Instructions to follow | Using the data below, print exactly the line with "Fellowes Aeramax Dx55", the line with "Hanger Sygnalizator Fox", and every line between them, but none of the pictures.
*** Extracted material ***
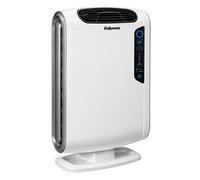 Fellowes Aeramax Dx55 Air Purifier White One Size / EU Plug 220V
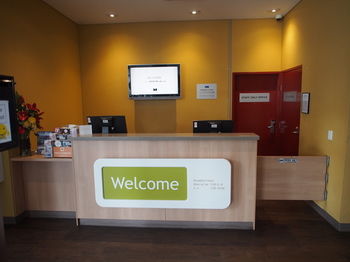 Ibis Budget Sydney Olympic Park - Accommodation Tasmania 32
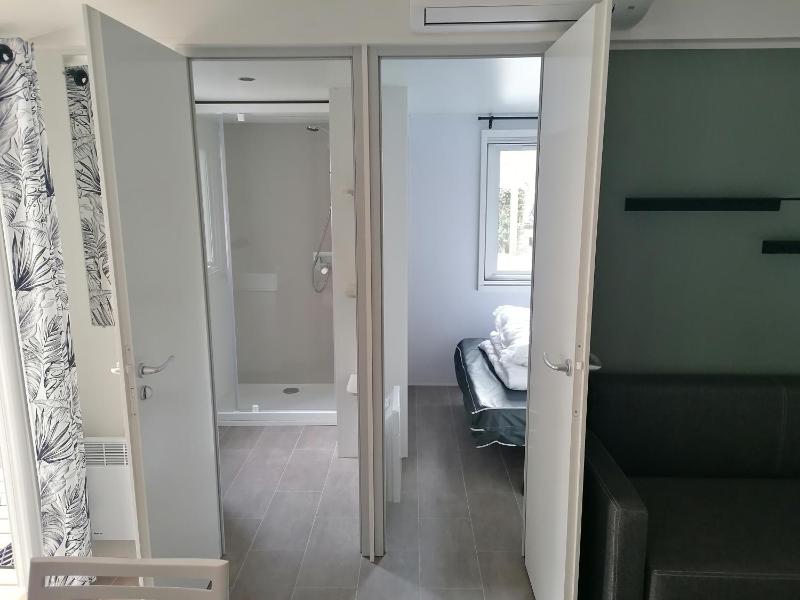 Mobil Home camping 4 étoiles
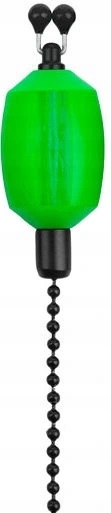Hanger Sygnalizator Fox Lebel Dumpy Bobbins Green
*** End of Extracted material ***
*** Extracted material ***
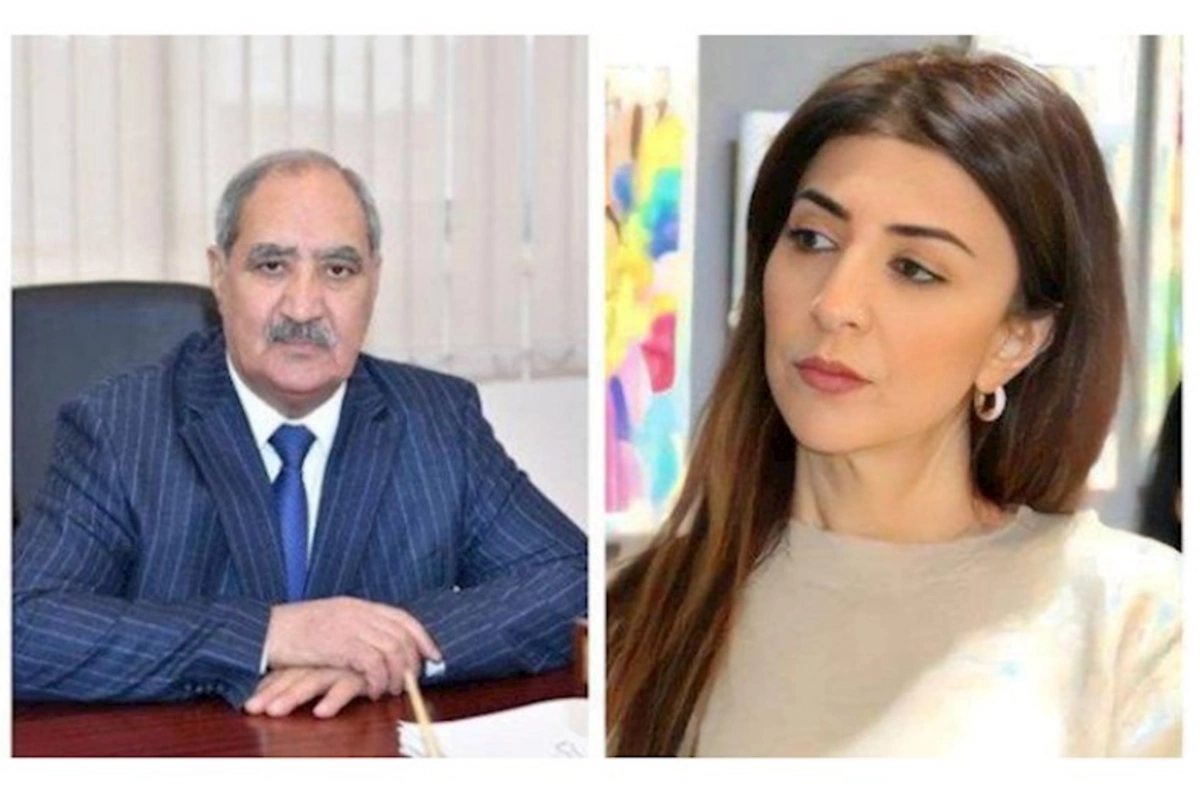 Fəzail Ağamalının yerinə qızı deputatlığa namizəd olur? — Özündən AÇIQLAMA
*** End of Extracted material ***
Response for this exercise |
 Fellowes Aeramax Dx55 Air Purifier White One Size / EU Plug 220V
 Ibis Budget Sydney Olympic Park - Accommodation Tasmania 32
 Mobil Home camping 4 étoiles
Hanger Sygnalizator Fox Lebel Dumpy Bobbins Green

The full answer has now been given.